*Task to complete:* Within the material below, locate the line with "Ярослав из Тюмени, мне" and the line with "3110-200 Seton Circle", then return those two lines and all lines between them, exactly as written.

*Material for this task:*
┌────────

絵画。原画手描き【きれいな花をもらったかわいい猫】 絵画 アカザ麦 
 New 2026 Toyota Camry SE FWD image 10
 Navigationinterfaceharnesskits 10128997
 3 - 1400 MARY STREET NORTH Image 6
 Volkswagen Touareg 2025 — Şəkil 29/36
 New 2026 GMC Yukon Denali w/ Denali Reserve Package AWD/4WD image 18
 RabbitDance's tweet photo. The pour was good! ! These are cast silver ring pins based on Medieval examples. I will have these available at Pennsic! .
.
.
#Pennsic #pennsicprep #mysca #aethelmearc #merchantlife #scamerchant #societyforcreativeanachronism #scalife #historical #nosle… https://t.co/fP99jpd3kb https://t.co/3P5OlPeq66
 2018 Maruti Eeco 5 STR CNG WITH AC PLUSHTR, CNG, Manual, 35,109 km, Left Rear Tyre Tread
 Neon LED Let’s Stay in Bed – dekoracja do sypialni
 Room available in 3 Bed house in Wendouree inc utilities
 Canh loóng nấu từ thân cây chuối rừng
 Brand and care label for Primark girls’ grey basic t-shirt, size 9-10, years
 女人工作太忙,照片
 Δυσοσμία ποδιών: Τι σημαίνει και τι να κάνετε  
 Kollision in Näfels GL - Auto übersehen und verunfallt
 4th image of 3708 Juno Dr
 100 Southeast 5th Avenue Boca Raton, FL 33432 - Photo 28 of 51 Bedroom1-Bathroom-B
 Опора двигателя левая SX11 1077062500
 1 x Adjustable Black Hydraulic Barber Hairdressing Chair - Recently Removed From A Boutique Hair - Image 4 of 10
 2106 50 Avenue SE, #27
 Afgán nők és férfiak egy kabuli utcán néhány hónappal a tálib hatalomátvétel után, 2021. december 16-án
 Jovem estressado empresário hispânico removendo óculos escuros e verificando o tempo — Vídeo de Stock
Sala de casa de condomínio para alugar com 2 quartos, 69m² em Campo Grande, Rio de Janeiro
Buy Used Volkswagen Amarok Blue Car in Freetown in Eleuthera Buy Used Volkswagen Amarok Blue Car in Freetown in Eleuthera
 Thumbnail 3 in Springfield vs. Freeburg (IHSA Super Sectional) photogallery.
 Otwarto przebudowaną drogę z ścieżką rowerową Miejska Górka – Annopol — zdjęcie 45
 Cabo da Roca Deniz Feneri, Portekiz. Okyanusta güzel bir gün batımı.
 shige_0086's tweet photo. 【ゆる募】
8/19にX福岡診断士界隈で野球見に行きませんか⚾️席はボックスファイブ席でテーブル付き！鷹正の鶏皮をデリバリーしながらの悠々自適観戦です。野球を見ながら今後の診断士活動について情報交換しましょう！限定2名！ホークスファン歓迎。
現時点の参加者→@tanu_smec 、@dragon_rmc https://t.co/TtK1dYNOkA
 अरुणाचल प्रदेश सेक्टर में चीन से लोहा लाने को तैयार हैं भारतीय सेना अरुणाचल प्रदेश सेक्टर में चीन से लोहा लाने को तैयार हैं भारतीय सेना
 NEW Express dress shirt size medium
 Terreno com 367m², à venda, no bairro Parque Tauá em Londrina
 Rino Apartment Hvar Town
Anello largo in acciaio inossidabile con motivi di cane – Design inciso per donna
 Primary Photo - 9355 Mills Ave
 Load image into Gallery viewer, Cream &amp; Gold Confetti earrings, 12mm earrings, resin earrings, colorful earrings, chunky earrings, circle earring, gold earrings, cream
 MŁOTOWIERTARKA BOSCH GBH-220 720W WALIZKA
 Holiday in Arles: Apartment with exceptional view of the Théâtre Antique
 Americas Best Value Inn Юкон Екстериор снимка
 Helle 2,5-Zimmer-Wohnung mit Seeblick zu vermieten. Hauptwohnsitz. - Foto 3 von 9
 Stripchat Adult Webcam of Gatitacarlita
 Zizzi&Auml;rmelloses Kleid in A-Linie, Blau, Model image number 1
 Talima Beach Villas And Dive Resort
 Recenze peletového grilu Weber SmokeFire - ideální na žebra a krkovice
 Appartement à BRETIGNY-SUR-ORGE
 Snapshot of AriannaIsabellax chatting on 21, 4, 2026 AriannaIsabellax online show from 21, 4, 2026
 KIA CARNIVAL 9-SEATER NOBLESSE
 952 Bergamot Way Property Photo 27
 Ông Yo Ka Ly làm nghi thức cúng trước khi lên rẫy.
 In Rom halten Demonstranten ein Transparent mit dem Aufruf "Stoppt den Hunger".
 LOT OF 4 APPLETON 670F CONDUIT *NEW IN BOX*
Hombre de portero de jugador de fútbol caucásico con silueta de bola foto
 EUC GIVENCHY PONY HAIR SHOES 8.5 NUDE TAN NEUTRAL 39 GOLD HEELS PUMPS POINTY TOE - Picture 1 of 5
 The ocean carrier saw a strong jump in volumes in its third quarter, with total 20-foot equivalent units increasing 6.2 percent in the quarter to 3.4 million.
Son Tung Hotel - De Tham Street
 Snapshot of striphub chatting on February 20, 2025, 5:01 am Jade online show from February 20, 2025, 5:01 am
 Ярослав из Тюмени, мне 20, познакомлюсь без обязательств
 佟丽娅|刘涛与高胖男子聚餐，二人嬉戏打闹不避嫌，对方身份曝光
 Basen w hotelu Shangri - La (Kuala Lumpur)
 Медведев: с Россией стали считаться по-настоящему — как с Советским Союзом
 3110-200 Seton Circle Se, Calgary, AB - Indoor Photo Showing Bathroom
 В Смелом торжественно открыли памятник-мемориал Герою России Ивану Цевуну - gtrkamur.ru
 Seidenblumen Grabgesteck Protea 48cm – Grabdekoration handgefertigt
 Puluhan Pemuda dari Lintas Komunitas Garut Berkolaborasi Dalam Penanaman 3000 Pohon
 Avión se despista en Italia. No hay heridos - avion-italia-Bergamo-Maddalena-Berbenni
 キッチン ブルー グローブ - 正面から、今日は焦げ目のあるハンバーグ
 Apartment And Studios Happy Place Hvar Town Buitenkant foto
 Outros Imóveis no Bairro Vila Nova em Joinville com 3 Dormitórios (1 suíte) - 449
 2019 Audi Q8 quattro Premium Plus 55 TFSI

└────────

*Your solution:*
 Ярослав из Тюмени, мне 20, познакомлюсь без обязательств
 佟丽娅|刘涛与高胖男子聚餐，二人嬉戏打闹不避嫌，对方身份曝光
 Basen w hotelu Shangri - La (Kuala Lumpur)
 Медведев: с Россией стали считаться по-настоящему — как с Советским Союзом
 3110-200 Seton Circle Se, Calgary, AB - Indoor Photo Showing Bathroom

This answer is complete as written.